La communauté internationale unie contre les pirates

Les propos d'un responsable du département d'État

 
Donna Hopkins
Mme Donna Hopkins, la responsable au sein du département d'État des programmes relatifs à la piraterie.

Washington - La piraterie qui sévit au large des côtes somaliennes a des répercussions dans le monde entier parce qu'elle nuit au commerce, ralentit le développement régional et empêche l'aide humanitaire d'atteindre les pays les plus pauvres de l'Afrique de l'Est. C'est ce qu'a déclaré Donna Hopkins, responsable au sein du département d'État des programmes relatifs à la piraterie, lors d'une discussion en ligne organisée le 26 mai par America.gov.

« La piraterie entraîne également l'augmentation des taux d'assurance, accroissant ainsi les prix des marchandises expédiées par cette région. Nous payons donc tous le prix de la piraterie. » Elle a ajouté que les pirates somaliens détenaient près de 200 otages, dont ils se servent pour extorquer des rançons des compagnies d'armateurs désireuses de récupérer leur cargaison, leur navire et leur équipage. Près de 30 millions de dollars de rançons ont ainsi été versés aux pirates en 2008, et le nombre d'actes de piraterie a doublé au cours de l'année passée.

« La piraterie est un moyen de gagner rapidement de l'argent pour les jeunes Somaliens qui ont peu d'autres perspectives de gagner aussi bien leur vie », a dit Mme Hopkins. « Malheureusement, tant pour ces jeunes hommes que pour leurs victimes, la piraterie est un crime grave qui sape les chances de leur pays de se remettre de la guerre civile et de bâtir un avenir durable. Les investisseurs étrangers ne risquent pas de s'aventurer dans un pays où des bandes de criminels menaceraient leurs investissements. La piraterie relève du crime organisé, ce qui rend la Somalie moins attirante pour les investissements qui, pourtant, permettraient de créer des emplois. »

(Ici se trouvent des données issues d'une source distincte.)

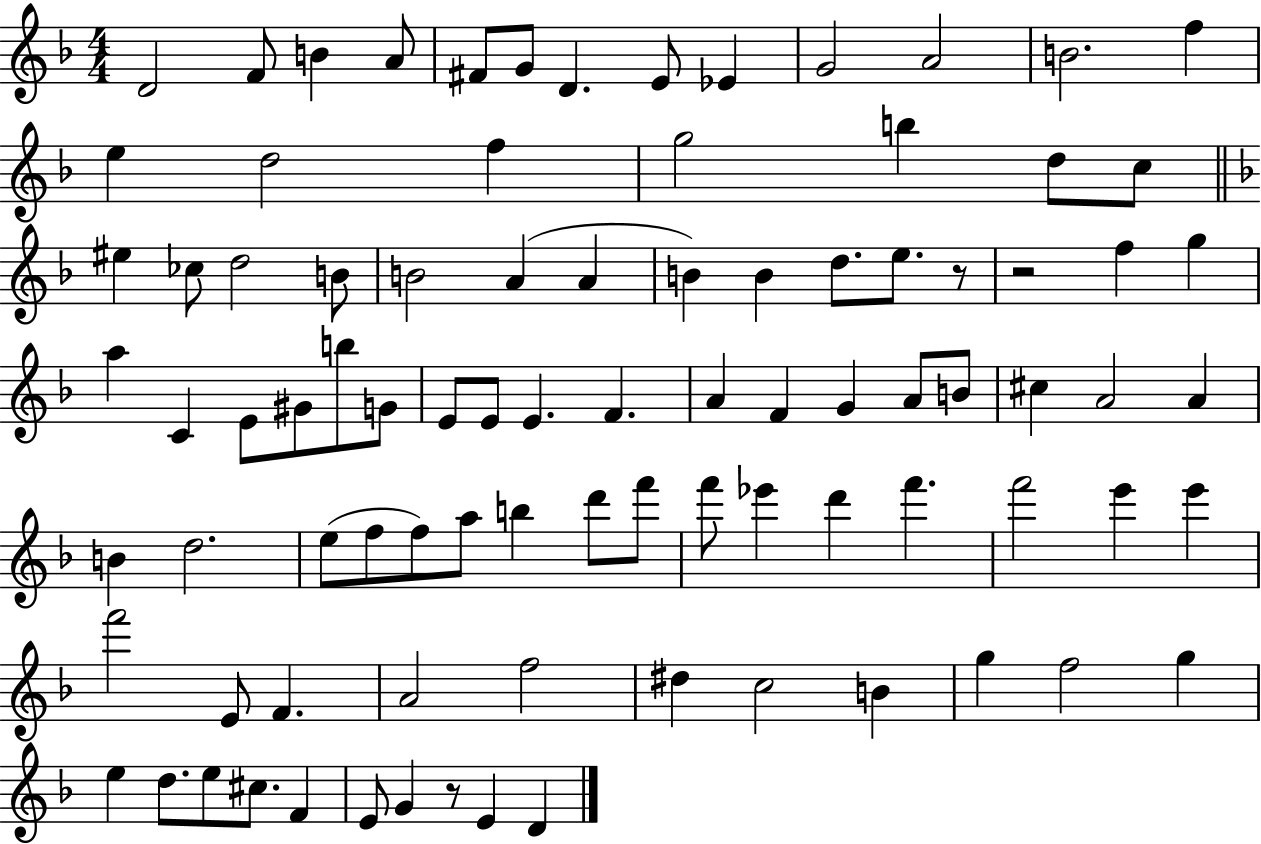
D4/h F4/e B4/q A4/e F#4/e G4/e D4/q. E4/e Eb4/q G4/h A4/h B4/h. F5/q E5/q D5/h F5/q G5/h B5/q D5/e C5/e EIS5/q CES5/e D5/h B4/e B4/h A4/q A4/q B4/q B4/q D5/e. E5/e. R/e R/h F5/q G5/q A5/q C4/q E4/e G#4/e B5/e G4/e E4/e E4/e E4/q. F4/q. A4/q F4/q G4/q A4/e B4/e C#5/q A4/h A4/q B4/q D5/h. E5/e F5/e F5/e A5/e B5/q D6/e F6/e F6/e Eb6/q D6/q F6/q. F6/h E6/q E6/q F6/h E4/e F4/q. A4/h F5/h D#5/q C5/h B4/q G5/q F5/h G5/q E5/q D5/e. E5/e C#5/e. F4/q E4/e G4/q R/e E4/q D4/q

Elle a ensuite donné le détail des mesures que la communauté internationale a mises en œuvre pour lutter contre la piraterie : déploiement de navires de guerre pour empêcher les attaques de pirates ; assistance aux navires commerciaux pour les aider à se protéger des attaques ; adoption de procédures juridiques pour traduire les pirates en justice ; appui au gouvernement somalien pour l'aider à se doter de sa propre capacité de contrôle de son territoire et à instaurer la sécurité pour ses citoyens ; et dissuasion de toute concession aux pirates.

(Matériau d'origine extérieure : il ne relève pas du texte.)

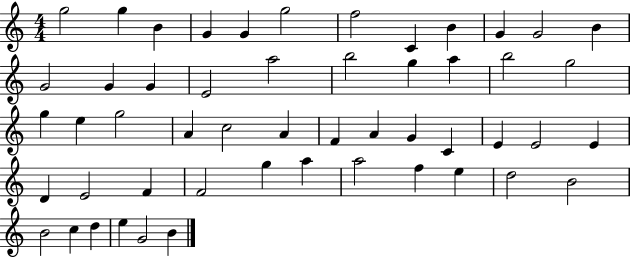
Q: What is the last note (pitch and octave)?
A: B4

Le Groupe international de contact sur la piraterie au large des côtes somaliennes a été créé en janvier dernier pour se concentrer sur ce fléau dans le golfe d'Aden et le bassin somalien. Il sert de forum informel permettant aux gouvernements concernés d'échanger des informations sur leurs politiques et leurs programmes, a précisé Mme Hopkins.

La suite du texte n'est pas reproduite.